The study, led by Professor Jennifer McElwain at Trinity College Dublin, shows that forests around the world are changing how they handle their water in response increases in atmospheric carbon dioxide, and that evergreen plants are showing more rapid adaptation than their deciduous or leaf-shedding counterparts.

“We started the study wanting to know more about how forests have been responding to recent changes in the Earth’s atmosphere, over the last three decades or so,” explains Professor McElwain, Chair of Botany at TCD’s School of Natural Sciences. As a palaeobotanist, she has made important discoveries from the fossil record about how plants adapted to changes in atmospheric oxygen and carbon dioxide millions of years ago, but this project needed a different approach.
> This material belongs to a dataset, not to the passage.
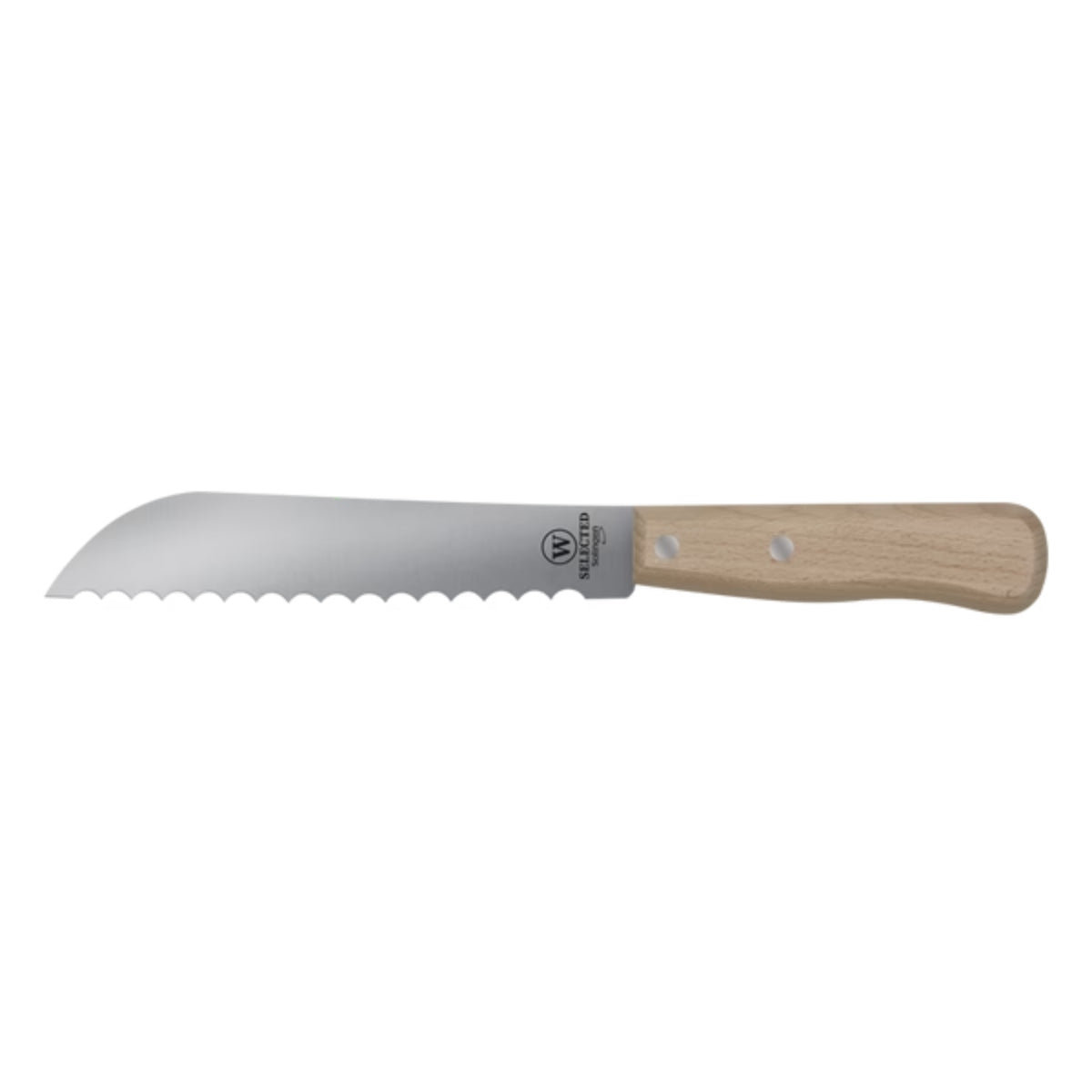 Kool, groente, hollands broodmes carbonstaal lemmet 10.5cm 6mm golf beukenhout heft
Instead of digging into the fossil record, the researchers looked at historical written accounts and samples from various forests taken by scientist Jack Wolfe at the Smithsonian Institute in Chicago.

“He kept meticulous records from the work he did in the late 1980s and early 1990s, when the levels of carbon dioxide in the Earth’s atmosphere were about 50 parts per million lower than they are today. We wanted to see had there been changes in those forests during that increase in climate change.”
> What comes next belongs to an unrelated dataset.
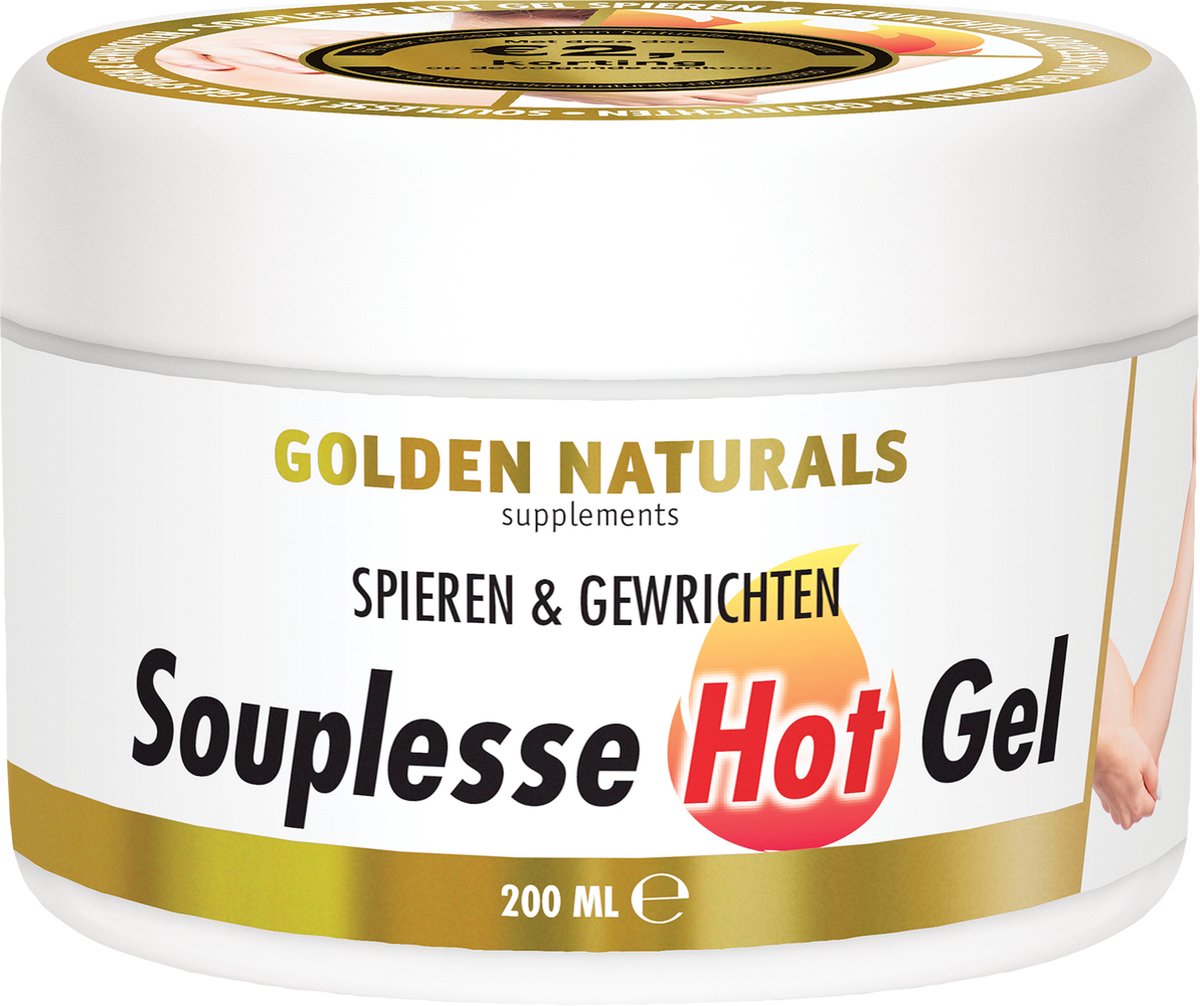 Goedkoopste Golden Naturals Souplesse Hot Gel (200 milliliter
So the team returned to 21 forest sites around the world and compared what they saw and found there with Wolfe’s older records from the same locations - they explored trees and shrubs from the warm tropical and desert landscape of Fiji, Puerto Rico and Arizona to the cold temperate and boreal forests of Alaska. “We created this beautiful experiment, comparing representative species from forests around the world 30 years ago and today,” she says.
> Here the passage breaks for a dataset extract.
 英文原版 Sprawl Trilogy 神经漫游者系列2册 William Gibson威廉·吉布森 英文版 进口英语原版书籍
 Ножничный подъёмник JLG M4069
What they found was surprising: even in that relatively short period with a jump in atmospheric carbon dioxide, the forests had changed at a deep physiological level, notes Dr Wuu Kuang Soh, a research associate at Trinity’s Botany Department and lead author on the Science Advances paper that details the study.

“We looked at how the woody plants handle water, which they release through the leaves as water vapour, and we could see plants had become more efficient at holding on to water,” says Dr Soh, who will be taking up a position as botanist in the National Botanic Gardens in the new year. “They were losing less water for every molecule of carbon they were taking up from the atmosphere.”

Taken at scale, this change could have a profound effect the capacity for forests to hold on to water, he adds: “If across the board plants are losing less water for every molecule of carbon they take up, that means globally forests are recycling less water and this could increase the risk of floods.”

The team of scientists from Ireland (Trinity and Maynooth University), Sweden, Australia and the UK also found that evergreen trees and shrubs are more efficient in using water than deciduous plants in cooler climate locations but there was no evidence for such pattern in parts of the world with warmer climates.

“It is a big result, really simple and unexpected, and it shows that even at an increase of 50 parts per million of carbon dioxide in the atmosphere we can see a strong differential response between plant types,“ says Professor McElwain.

“We think that if we continue changing the climate and atmospheric composition, with an expected doubling of carbon dioxide in the atmosphere by the end of this century, we could see a big change in ecology in forests globally. Our results indicate that future increases in atmospheric carbon dioxide may confer a competitive advantage to woody evergreen trees in cooler parts of the world, and this insight will improve our ability to build models on vegetation response to future climate change.”